BEGIN The input

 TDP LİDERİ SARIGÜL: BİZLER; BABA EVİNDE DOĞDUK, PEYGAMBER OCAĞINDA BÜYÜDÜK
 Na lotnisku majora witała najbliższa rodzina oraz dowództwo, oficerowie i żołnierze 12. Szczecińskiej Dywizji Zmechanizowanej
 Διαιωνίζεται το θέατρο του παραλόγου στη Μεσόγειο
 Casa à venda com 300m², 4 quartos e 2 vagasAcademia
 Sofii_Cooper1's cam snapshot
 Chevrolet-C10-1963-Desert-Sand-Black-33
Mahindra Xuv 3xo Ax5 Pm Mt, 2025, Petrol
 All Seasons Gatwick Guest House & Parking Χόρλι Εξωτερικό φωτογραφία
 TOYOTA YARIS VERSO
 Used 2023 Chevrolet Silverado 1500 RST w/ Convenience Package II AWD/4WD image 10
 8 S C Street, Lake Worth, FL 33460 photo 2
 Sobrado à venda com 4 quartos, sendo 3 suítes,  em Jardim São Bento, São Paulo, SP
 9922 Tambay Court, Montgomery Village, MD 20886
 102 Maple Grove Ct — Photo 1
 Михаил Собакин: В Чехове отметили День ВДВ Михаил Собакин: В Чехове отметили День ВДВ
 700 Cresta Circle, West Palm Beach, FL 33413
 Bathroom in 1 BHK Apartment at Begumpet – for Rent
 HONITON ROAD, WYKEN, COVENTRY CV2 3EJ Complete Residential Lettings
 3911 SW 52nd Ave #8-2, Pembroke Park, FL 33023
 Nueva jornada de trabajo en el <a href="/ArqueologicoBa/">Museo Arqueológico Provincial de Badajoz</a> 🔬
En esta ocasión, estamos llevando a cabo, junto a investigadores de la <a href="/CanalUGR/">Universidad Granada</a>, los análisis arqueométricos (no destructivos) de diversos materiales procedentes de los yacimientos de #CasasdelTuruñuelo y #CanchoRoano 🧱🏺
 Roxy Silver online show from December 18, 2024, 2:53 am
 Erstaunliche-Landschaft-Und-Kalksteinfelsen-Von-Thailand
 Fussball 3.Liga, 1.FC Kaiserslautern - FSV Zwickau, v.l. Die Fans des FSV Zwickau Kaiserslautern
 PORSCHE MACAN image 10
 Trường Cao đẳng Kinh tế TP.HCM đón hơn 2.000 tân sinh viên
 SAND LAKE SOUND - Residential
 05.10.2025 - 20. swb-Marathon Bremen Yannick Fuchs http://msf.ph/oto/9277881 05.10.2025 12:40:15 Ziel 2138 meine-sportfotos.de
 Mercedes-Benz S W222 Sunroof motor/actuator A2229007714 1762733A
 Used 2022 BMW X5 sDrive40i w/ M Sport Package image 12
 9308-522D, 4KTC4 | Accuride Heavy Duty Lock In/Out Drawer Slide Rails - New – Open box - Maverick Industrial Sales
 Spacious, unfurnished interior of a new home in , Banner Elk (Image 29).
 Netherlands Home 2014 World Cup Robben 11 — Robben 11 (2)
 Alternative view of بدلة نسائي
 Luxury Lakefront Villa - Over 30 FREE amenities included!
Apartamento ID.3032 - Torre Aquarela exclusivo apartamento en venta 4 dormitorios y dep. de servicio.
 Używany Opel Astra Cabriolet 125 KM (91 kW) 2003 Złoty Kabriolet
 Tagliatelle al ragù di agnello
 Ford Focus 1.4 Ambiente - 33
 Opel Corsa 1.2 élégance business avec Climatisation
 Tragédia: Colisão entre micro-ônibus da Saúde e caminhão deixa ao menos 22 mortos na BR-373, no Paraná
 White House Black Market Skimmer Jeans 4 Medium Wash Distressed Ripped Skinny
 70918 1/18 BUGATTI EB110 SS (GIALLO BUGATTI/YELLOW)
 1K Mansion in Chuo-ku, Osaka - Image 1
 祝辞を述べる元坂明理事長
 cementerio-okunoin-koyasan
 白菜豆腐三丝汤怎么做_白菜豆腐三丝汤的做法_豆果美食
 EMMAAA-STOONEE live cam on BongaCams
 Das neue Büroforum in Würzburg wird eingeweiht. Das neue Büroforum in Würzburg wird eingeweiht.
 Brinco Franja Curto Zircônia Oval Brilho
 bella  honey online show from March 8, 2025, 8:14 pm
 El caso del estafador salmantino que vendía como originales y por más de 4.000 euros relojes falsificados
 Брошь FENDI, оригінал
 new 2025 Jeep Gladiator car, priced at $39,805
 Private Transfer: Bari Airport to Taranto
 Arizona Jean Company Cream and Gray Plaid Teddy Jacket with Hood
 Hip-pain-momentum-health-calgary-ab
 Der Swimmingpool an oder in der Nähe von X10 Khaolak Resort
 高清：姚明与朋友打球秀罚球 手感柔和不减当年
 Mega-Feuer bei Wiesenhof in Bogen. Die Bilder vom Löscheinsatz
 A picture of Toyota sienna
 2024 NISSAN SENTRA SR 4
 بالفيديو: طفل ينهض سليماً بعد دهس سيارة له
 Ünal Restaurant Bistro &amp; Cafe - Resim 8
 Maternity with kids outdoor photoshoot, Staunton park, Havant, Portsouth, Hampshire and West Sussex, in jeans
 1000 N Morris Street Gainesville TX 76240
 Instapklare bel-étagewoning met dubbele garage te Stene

END The input

» What you need to do:
How many lines in the records hold the string "Residential"? Answer with only that number.

» Expected answer:
2